スタバVSドトール「店舗数」に大きな差が出たワケ

都内は出店競争が激しい

ただ、スペースに余力のある店舗となると、他の飲食チェーンとの競争が激しくなる。中でも、ドトールが得意とする都内では出店競争が厳しく、無理に出店するとなると自社ブランド同士で、客数の奪い合いが起きる懸念もある。

「(都内で)出店したとしても十分な売り上げを確保できるとは限らない。(大幅に店舗数を増やすのは)難しいだろう」と、ドトール・日レスHDの関根一博取締役は話す。

ドトールは今期、通期ベースで店舗純増20店を計画している。だが、8月までの時点で計22店舗を出店したものの、フランチャイズ店舗の閉店もあり、全体では1店舗の純増にとどまっている。通期20の純増計画はハードルが高そうだ。

出店の他にも、ドトールには一段成長に向けた課題がある。客数の取り戻しだ。

ドトールの既存店客数は2023年9月が前年同月比7.9%増、10月が5.2%増と上向いているように見えるが、「コロナ前の2019年と比べると90%に満たない」(ドトール・日レスHDの星野正則社長)。直近の売上高の挽回は、2022年12月に実施した値上げの寄与が大きいのだ。

戻りが鈍いのは朝の時間帯だ。コロナ影響が薄れたものの在宅ワークが定着したことで、「朝の出勤の際に、顧客がドトールに立ち寄ってコーヒーを買うような習慣が減ってしまった」と、関根取締役はこぼす。
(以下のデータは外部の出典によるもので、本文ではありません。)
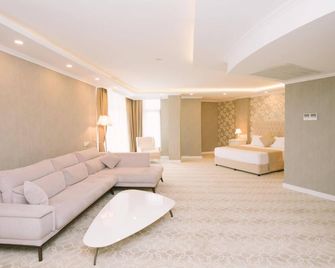Burgaz Izer Hotel - Lüleburgaz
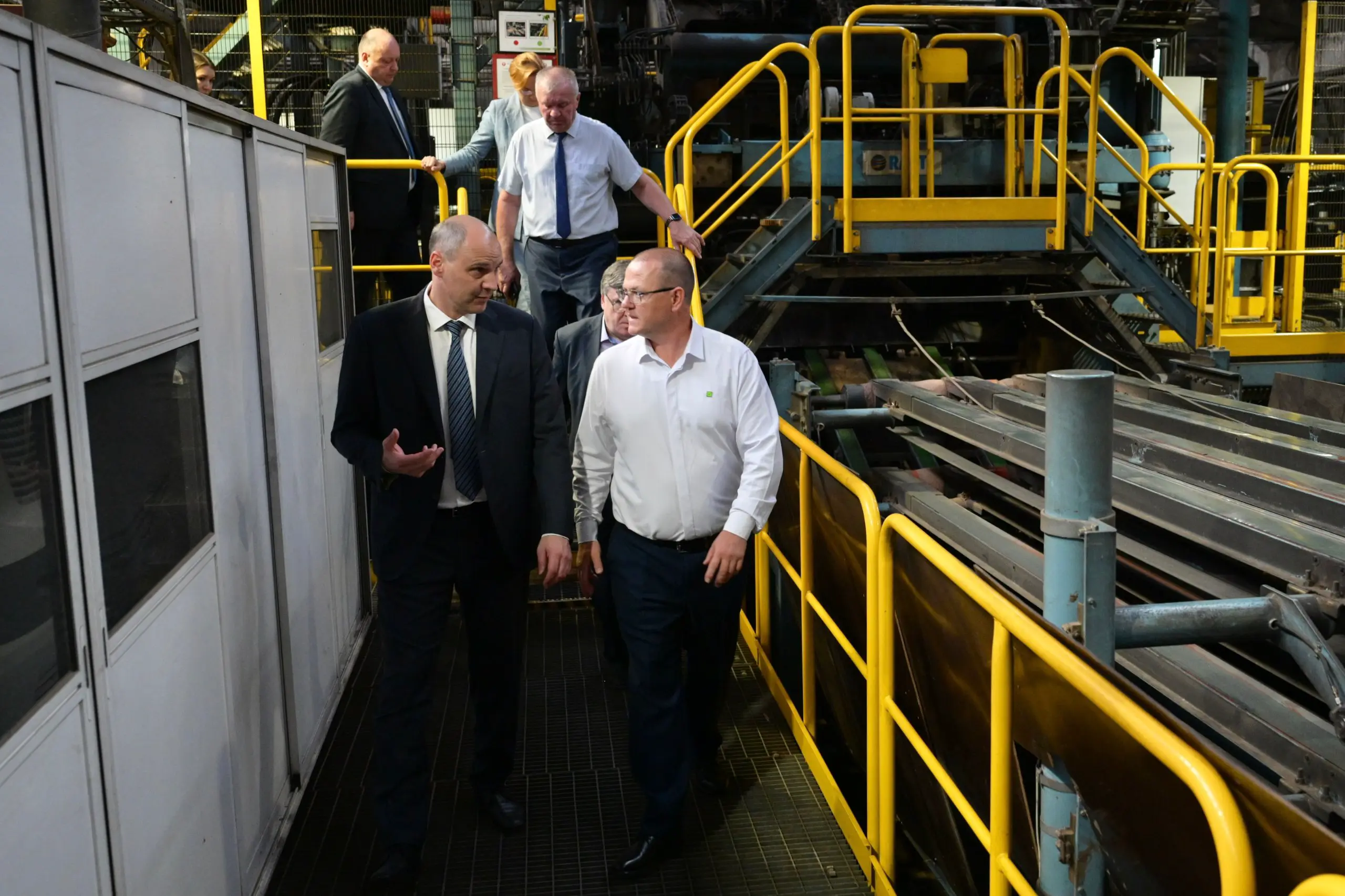 Денис Паслер дал старт развитию новых предприятий в Алапаевске и Верхней Синячихе-0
この課題について、もちろんドトールは無策ではない。毎月異なるポイント還元キャンペーンを実施することで、顧客の集客に努める。

メニュー面でも強化を図る。2023年9月からハムタマゴサラダのモーニングセットを販売するなど、朝の時間帯での集客を意識した商品を拡充している。

ドトールは「コーヒー屋」のこだわり

カフェチェーンを取り巻く競争環境は、いっそう激しくなっている。「王者」スターバックスだけでなく、伊藤園傘下のタリーズコーヒー、フランチャイズ店を中心に急成長するコメダ珈琲店など強豪がひしめく。

低価格路線を標榜し、世界で急拡大するコッティコーヒーも2023年8月に日本に上陸した。ファストフードチェーンのマクドナルドやモスバーガーもカフェメニューに力を入れている。

関根取締役は「スターバックスは(フラペチーノを柱とする)スイーツ屋だ。一方、ドトールは焙煎屋(コーヒー豆の焙煎加工卸会社)から出発したコーヒー屋。顧客の利用目的がそもそも違う」と強調する。飲料については、あくまでコーヒーにこだわった成長戦略を描く。

しかし、「コーヒー以外のドリンクをある程度充実させなければ、今後大きく業績を伸ばすことは難しいのではないか」と、カフェ業態に詳しい業界関係者は指摘する。

複数の課題を抱える「コーヒー屋」ドトールは、再成長へ向けてどのような戦略を描くのか。本格的に客数を取り戻せるかどうかが、当面の焦点となりそうだ。